__Data for processing__:
◇ ◇ ◇ ◇ ◇ ◇ ◇

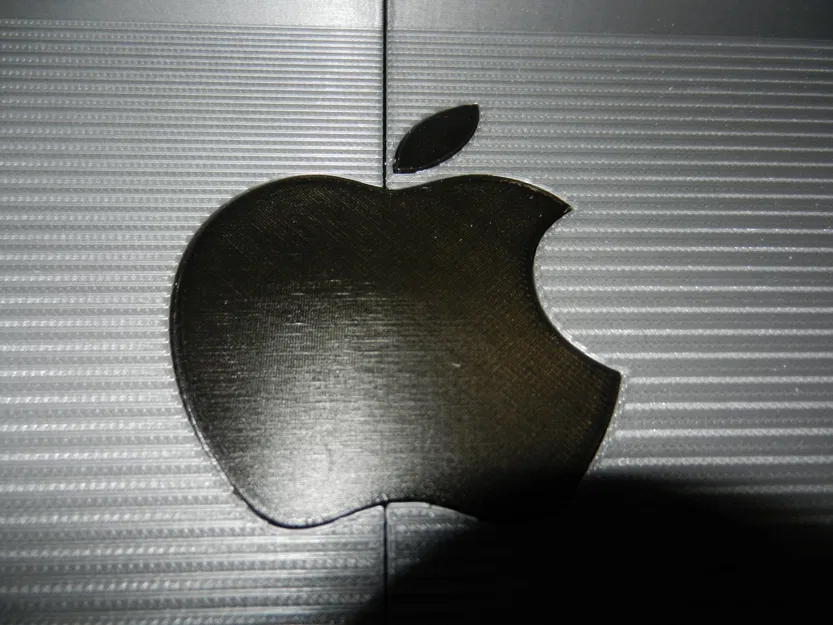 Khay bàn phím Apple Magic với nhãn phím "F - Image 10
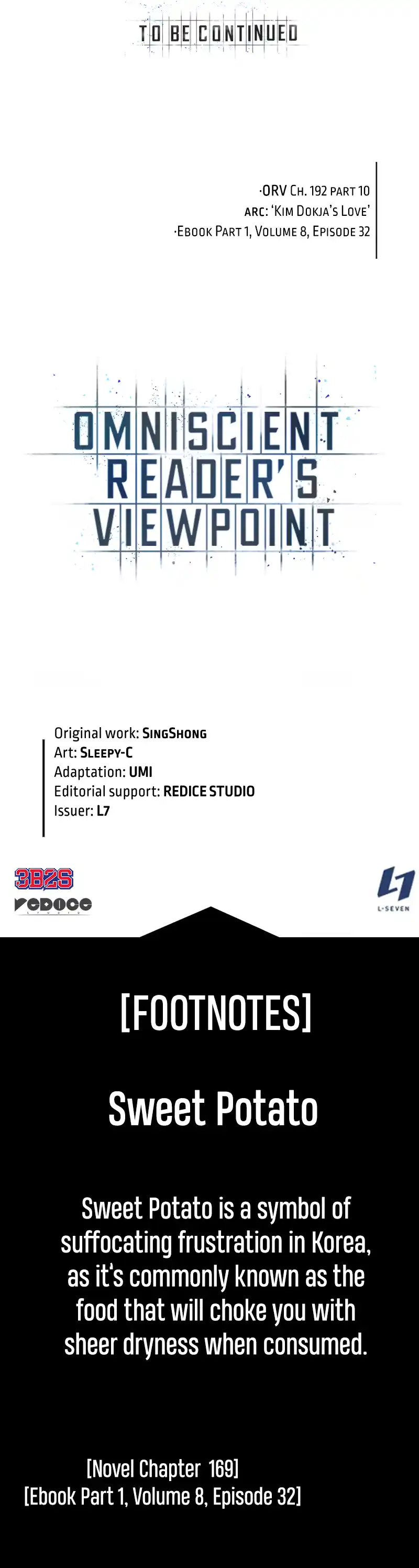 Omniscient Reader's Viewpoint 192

◇ ◇ ◇ ◇ ◇ ◇ ◇

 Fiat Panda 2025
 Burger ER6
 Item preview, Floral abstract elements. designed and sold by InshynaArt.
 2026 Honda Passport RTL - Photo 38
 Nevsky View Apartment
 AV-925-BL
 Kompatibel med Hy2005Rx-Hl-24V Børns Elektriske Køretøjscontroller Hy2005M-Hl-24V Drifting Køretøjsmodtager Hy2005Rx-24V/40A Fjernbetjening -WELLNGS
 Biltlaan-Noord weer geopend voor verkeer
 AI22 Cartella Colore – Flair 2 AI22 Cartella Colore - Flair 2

◇ ◇ ◇ ◇ ◇ ◇ ◇

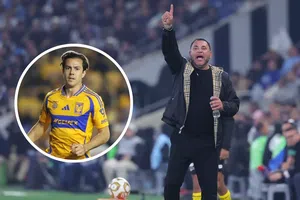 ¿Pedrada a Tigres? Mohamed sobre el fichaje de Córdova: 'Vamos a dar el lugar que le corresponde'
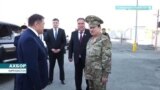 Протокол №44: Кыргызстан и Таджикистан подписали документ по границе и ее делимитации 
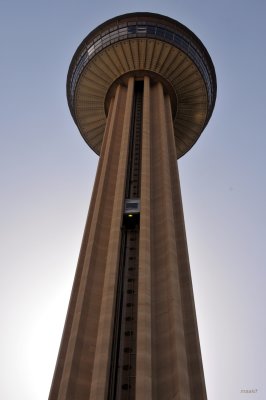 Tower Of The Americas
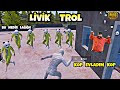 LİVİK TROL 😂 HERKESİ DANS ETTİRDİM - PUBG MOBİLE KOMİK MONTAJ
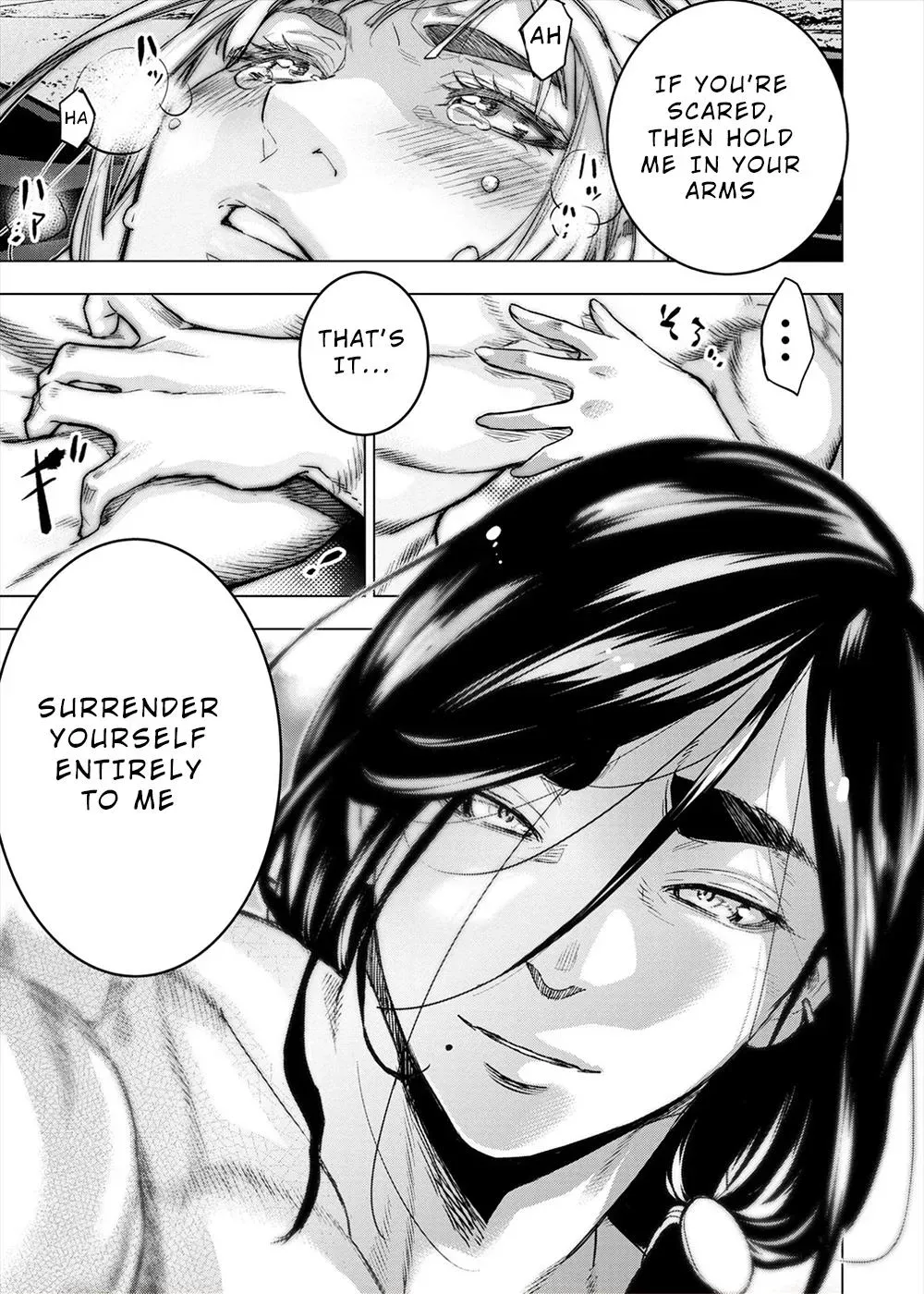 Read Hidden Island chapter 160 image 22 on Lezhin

◇ ◇ ◇ ◇ ◇ ◇ ◇

__Directions__: Using the material above, transcribe exactly the lines from the one holding "Khay bàn phím" to the one holding "Omniscient Reader's Viewpoint 192", both ends kept. Do not carry over any pictures.

__Problem solution__:
 Khay bàn phím Apple Magic với nhãn phím "F - Image 10
 Omniscient Reader's Viewpoint 192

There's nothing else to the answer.